• **TASK**
With the pictures removed, write out the data below exactly.

• **THE DATA**
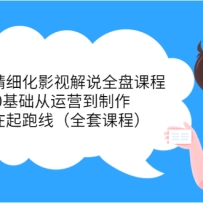 ���Ҿ�ϸ��Ӱ�ӽ�˵ȫ�̿γ̣�0��������Ӫ��������Ӯ�������ߣ�ȫ�׿γ̣�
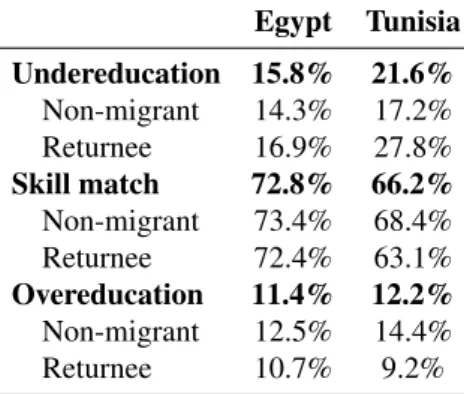 Table 8: Skill match and mismatch incidence Egypt Tunisia Undereducation 15.8% 21.6% Non-migrant 14.3% 17.2% Returnee 16.9% 27.8% Skill match 72.8% 66.2% Non-migrant 73.4% 68.4% Returnee 72.4% 63.1% Overeducation 11.4% 12.2% Non-migrant 12.5% 14.4% Returne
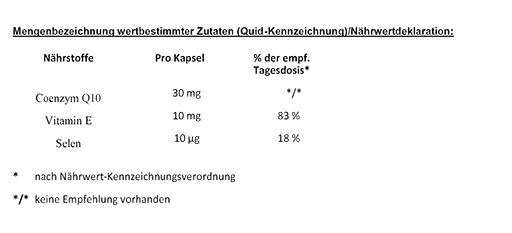 VIVIVIT Q10 Capsules, 30 kapsułek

• **ANSWER TO THIS EXERCISE**
 ���Ҿ�ϸ��Ӱ�ӽ�˵ȫ�̿γ̣�0��������Ӫ��������Ӯ�������ߣ�ȫ�׿γ̣�
 Table 8: Skill match and mismatch incidence Egypt Tunisia Undereducation 15.8% 21.6% Non-migrant 14.3% 17.2% Returnee 16.9% 27.8% Skill match 72.8% 66.2% Non-migrant 73.4% 68.4% Returnee 72.4% 63.1% Overeducation 11.4% 12.2% Non-migrant 12.5% 14.4% Returne
 VIVIVIT Q10 Capsules, 30 kapsułek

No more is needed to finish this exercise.